No. That's really helpful. I appreciate that color. And then, obviously, a lot depends on omecamtiv, but I was just curious if you could provide a little more color on the gating factors about pushing reldesemtiv forward?

Sure. So the trial that we have laid out for reldesemtiv called COURAGE-ALS is one that has design features that enable it to be stopped or adapted to interim analyses. And as such, if we aren't seeing what we expect to see in that trial, then we could pull the plug or we can actually dial up some of the patient enrollment as well. That's for a study that we have fully costed and for which a significant percentage of the cost would be borne by our partner, Astellas, in exchange for a low single digit royalty. So we believe that this is a trial that is affordable. But at the same time, we recognize that our priorities need to be focused to omecamtiv and CK-274, especially as those will be more cost-intensive and also inform our cost of capital. So we want to have all of the information in place when we make a decision to start that trial. And in the meantime, we can be conducting start-up activities that would be enabling when we do start-up that trial that it is ending on relatively the same time frame. So we believe that this is prudent investment in the balanced way we're approaching our portfolio, recognizing priority number one is omecamtiv, priority number two is CK-274, priority number three is reldesemtiv. But we do expect that we should be advancing all three during the second half of the year.

Got it. Thanks a lot guys.

Thank you.

Our next question will come from Salim Syed with Mizuho. Please proceed.

Hi, Salim.

Hey, Robert. How are you doing?

Good.

Few for me, if I can, probably for maybe Fady or Stuart. On CK-274 guide, I noticed you mentioned similar to PK data, and You've Talked about substantial reductions in LVOT gradient. I'm just kind of curious, are you guys already where you want to be with Cohort 1? Or is this something where you think you'll need Cohort two here? Because you're already talking about running pivotals. So I'm just kind of curious how you're thinking about the data set, given you've already seen substantial reductions at four to six weeks? My second question is also in 274. The data that we'll be getting top line in the middle of the year, can you just perhaps describe to us what you plan on putting in the press release? Is it going to be more of a placeholder type press release? Or will we get any thing of substance here that investors can use? And then just an unrelated one on 136, my read is just -- it seems like you guys are a bit hesitant in moving this troponin activator forward. You want to do potentially other Phase I studies, and I'm kind of curious what you're seeing there? I would think with omecamtiv, where it is that you would want to perhaps move a troponin activator quicker in the pipeline?
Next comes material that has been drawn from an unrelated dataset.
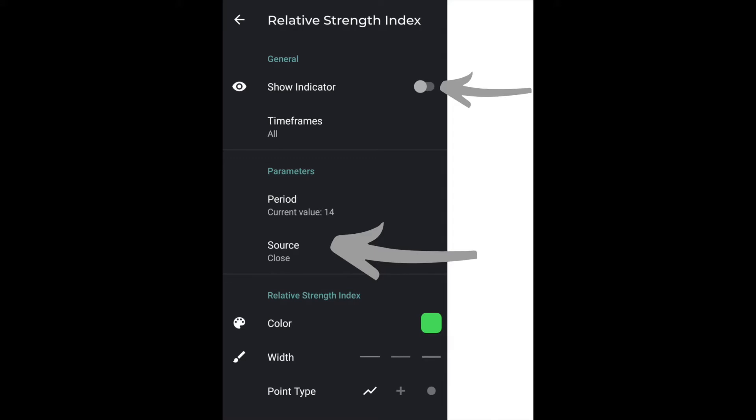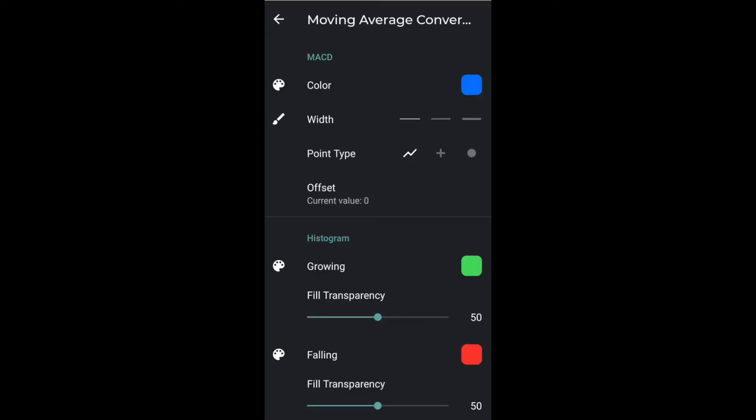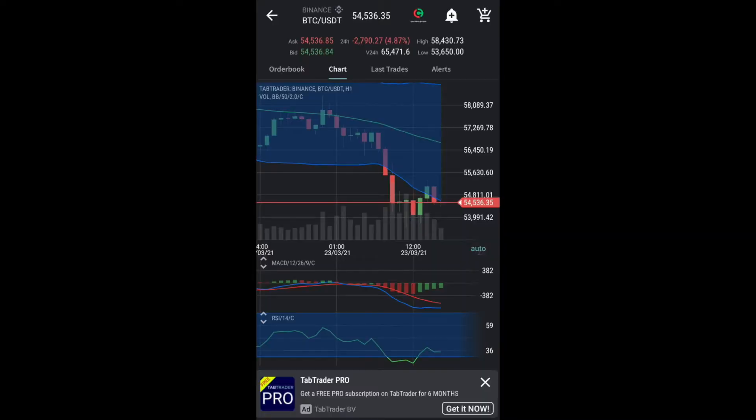For the RSI, make sure you're changing the source to low, and again you're going to be turning on the technical indicator. For the MACD, there are no price values that need to be changed — just set your line colors and thickness and turn it on. Once you've completed all of the above, go back to the main BTC screen and you'll see that everything is set up. That's how you set your charts up on the Tab Trader app.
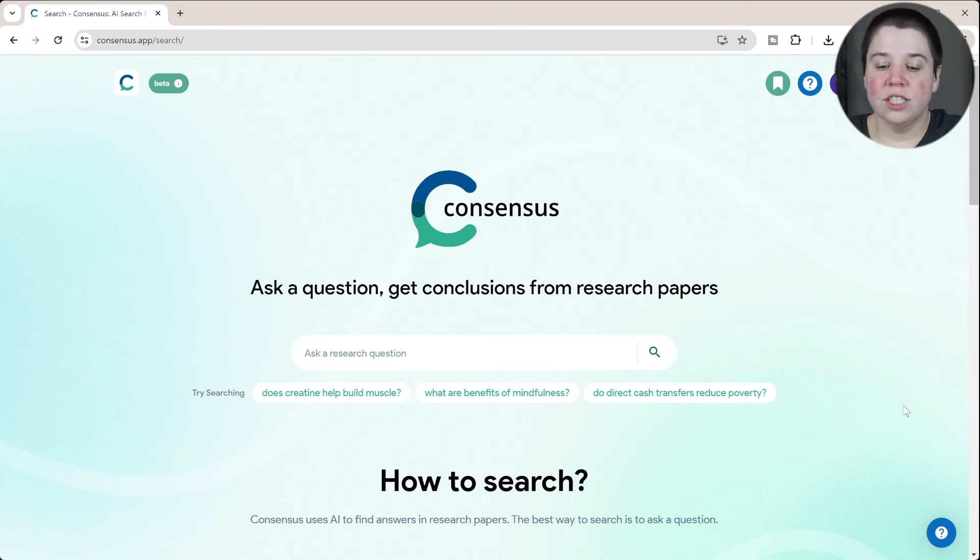In this video, I'm going to introduce you to Consensus AI. This is a similar AI software to something like SciSpace or Elicit that I've talked about on this channel before, but it may be a better one for your specific needs. If you're interested in a comparison between any of those, let me know in a comment down below.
Yes. So let me start, and then I'll turn it over to Fady and Stuart. I'm probably going to go in a reverse order of your questions. So with regard to CK-136, we're in the midst of these transition discussions with Amgen and we still need to assess that data and whether anything else might need to be done in accordance with further development in Phase I before committing to how we might do Phase II. And I suspect there are going to be other activities that will need to be done in order to be prepared for Phase 2. However, don't take that to mean that we're any less enthusiastic about its potential because that's not true. The fact of the matter is we have a bit of an embarrassment of riches in terms of our ability to fund and prioritize everything at the same time. And I do believe that we'll find a way to make happen a plan for CK-136, but in priority order relative to the other programs we've mentioned. Also with regard to how we will report results from REDWOOD when we do? It's hard to answer that question until we have the data, but expect it will be somewhere in between just simply a top line announcement, and that which would be reserved for the presentation itself, enough to be able to communicate will be the results in order to be able to set the table for what would be the presentation. It won't be in its full detail to jeopardize the presentation but enough so that it will hopefully inform us and shareholders about why that may be supportive of movement into Phase III and distinguishable as well from the first-generation product. And with that, I'll turn it over to Fady to answer your question about Cohort one and anything else he wants to add.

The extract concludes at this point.